Why this matters for you

If you’re investing in the National Pension System (NPS), your money is typically locked in until retirement. While that ensures long-term savings, it also creates a problem:

What happens when you need money urgently for health expenses?

With healthcare costs in India projected to rise between 11.5% and 14% in 2026, much faster than inflation, this gap is becoming harder to ignore.

What is changing with NPS Swasthya

The new model allows you to:

Access up to 25% of your pension contributions

Use it specifically for medical expenses

This portion is called the “Net Eligible Balance”, and it can be accessed digitally when needed.

In simple terms:
Your retirement savings can now double up as a health emergency fund.

How you will actually use it

The system is designed to be app-based and seamless.

Subscribers will be able to:

Request funds through the MAven app

Access money quickly for hospital or medical expenses

Use a system integrated with NPS records

The backend is supported by multiple partners:

Medi Assist for technology and claims

CAMS for onboarding and KYC

Pension fund managers like Tata and Axis

Health insurance support from Aditya Birla Health Insurance

The Pension Fund Regulatory and Development Authority (PFRDA) serves as the regulatory authority.

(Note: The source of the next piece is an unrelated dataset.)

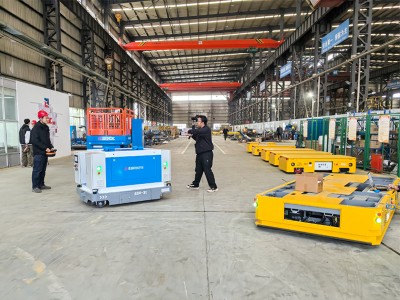 Làm thế nào để chọn Electric Transfer Cart Key Considerations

The Medi Assist Healthcare Services acts as the core technology partner, providing digital infrastructure whereas CAMS KRA supports subscriber onboarding and KYC enablement and Tata Pension Fund and Axis Pension Fund serve as the designated pension fund managers, the statement said.

It added that Aditya Birla Health Insurance provides the integrated top-up insurance cover, and Medi Assist TPA manages claims administration.

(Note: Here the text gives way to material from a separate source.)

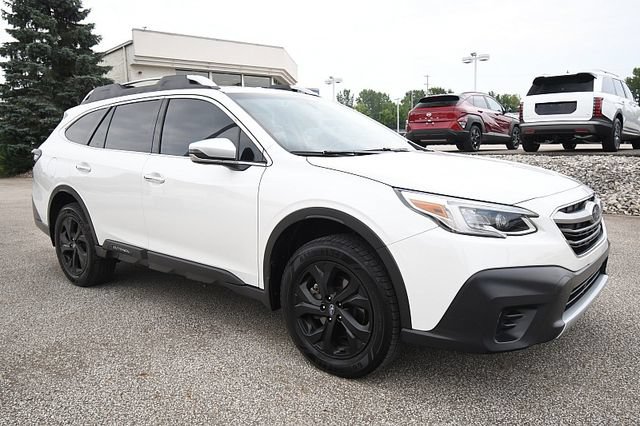 Used 2021 Subaru Outback Touring w/ Popular Package #2 AWD/4WD image 1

PFRDA in a statement added that this scheme comes at a time when the pension ecosystem is rapidly scaling with NPS and Atal Pension Yojana (APY) having a cumulative subscriber base of 9.64 crore and combined assets under management pegged at Rs 16.55 lakh crore as of 29 March 2026.

For you, this means:

Less paperwork
Faster access during emergencies

Why this is coming now

India’s pension ecosystem is growing rapidly:

9.64 crore subscribers across NPS and Atal Pension Yojana
Total assets of ₹16.55 lakh crore

But alongside this growth, a major concern is emerging:

Rising healthcare costs are threatening long-term savings

Many retirees end up dipping into their savings for medical needs, reducing their financial security later in life.

Earlier:
Pension = Locked savings for old age

Now:
Pension = Retirement + healthcare safety net

But there’s a catch

Access is limited to: 25% of your contributions

And using it early could reduce your final retirement corpus

So while it helps in emergencies, it still requires careful use.